As part of becoming a Certified Organic Processor, 95% of the ingredients that Abigail’s Bakery uses must be USDA Certified Organic and the business also had to undergo two on-site inspections by Smith and other NH Department of Agriculture representatives. Chartier must now keep logs to track every item that comes through the bakery door, and had to update the Abigail’s Bakery labels to include lot numbers so that the tracking can continue past the point of purchase to the consumer. The bakery will be now be subject to an annual review, and will be required to update its organic handling system plan each year.

“Abigail’s Bakery has always used the best ingredients possible.
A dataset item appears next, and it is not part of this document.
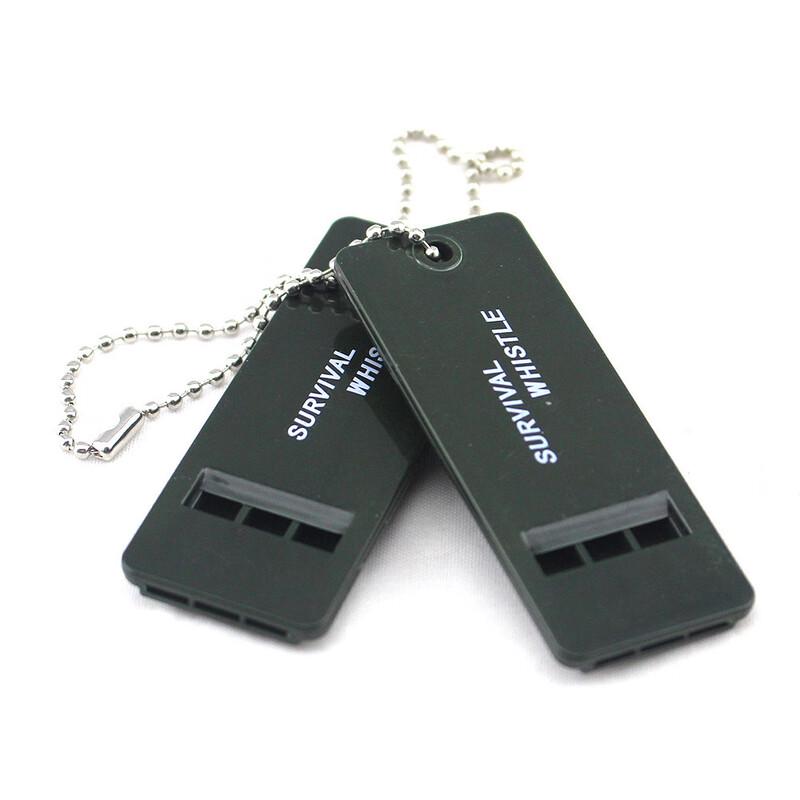 NuFeng Outdoor Triple-Frequency Survival Whistle 16-Pack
What’s different is that consumers are beginning to come in line with our way of thinking- that we deserve wholesome food that hasn’t been tainted with pesticides and chemicals, and that has been produced in a way that promotes good health for the earth and ourselves,” emphasizes Chartier. “Growers, producers and consumers can work together to be good stewards of the land- growers by using earth-friendly agricultural practices, producers by using the products grown by earth conscious farmers and by maintaining the quality of the organic ingredients, and consumers by insisting on and purchasing products that are grown and made in a way that respects the earth.”
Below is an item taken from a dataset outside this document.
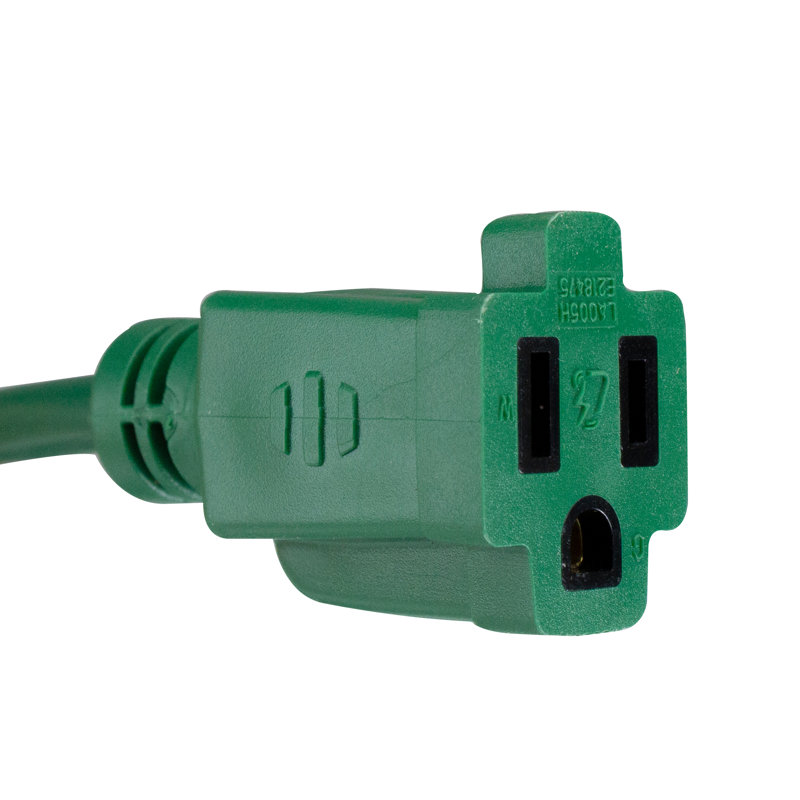 Power Cord, 1.5" H x 0.5" W x 240" D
The Hartman Group’s report- Organic Food & Beverage Trends 2004 found that 66% of U.S. consumers report using organic products at least occasionally, a number that had increased 11% in four short years. According to the Organic Trade Association, since 2002, U.S. sales of organic foods have jumped 60% to nearly $14 billion in 2005, with the organization forecasting sales will reach $16 billion by the end of this year. Recognition of the growing trend in organic products is still in its infancy, with the USDA only adopting national standards for certification in October of 2002.
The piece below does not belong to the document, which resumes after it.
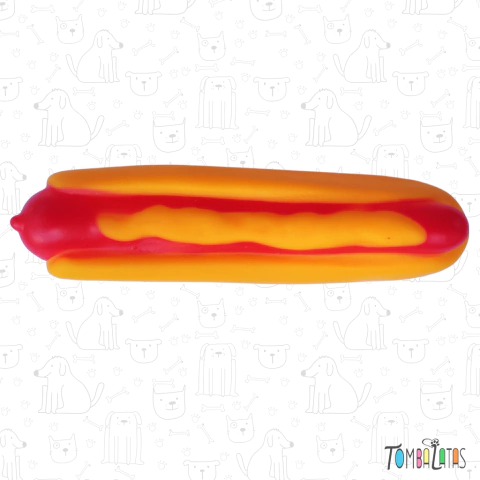 Mordedor Hot-Dog com apito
Like Stoneyfield Yogurt and Ben & Jerry’s, who are business role models of Chartier, Abigail’s Bakery’s mission includes being as kind to the earth and educating customers about how they can do the same. To that end, Chartier sees Organic Certification as a natural progression in her business and as a way of giving consumers more marketplace choices that reflect their beliefs and lifestyles.

“We want consumers to understand that their buying practices carry weight, that their purchases have power. Consumers are now demanding the kind of product that Abigail’s Bakery has been producing for years,” says Chartier. “The certification backs up how we bake our breads and our end product.”

Abigail’s Bakery is intent on spreading peace, love and bread and sees the organic label on their breads as in indication of the bakery’s belief that we should live and work in harmony with nature, by supporting practices that take care of the earth. Abigail’s Bakery also participates in the Community Supported Agriculture program and Farmer’s Markets as an extension of that belief and as a way to reach out to more people.

“Interestingly, the certification process gave us the chance to educate even more people – like our shipping vendor, UPS. We had to make sure that shipments to and from the bakery handled in a way that would prevent any co-mingling with non-organic products, as it could affect the integrity our breads. Certification gave us unexpected opportunities to spread the message about why organic products are important and how they support sustainable agriculture,” Chartier explains. Abigail’s Bakery wants to reach as many people as we can with our ‘earth-friendly’ message and our breads. We believe in the goodness of our products and want people to enjoy them, but also feel it is vital to encourage practices that reflect the belief that the earth is our most treasured resource.”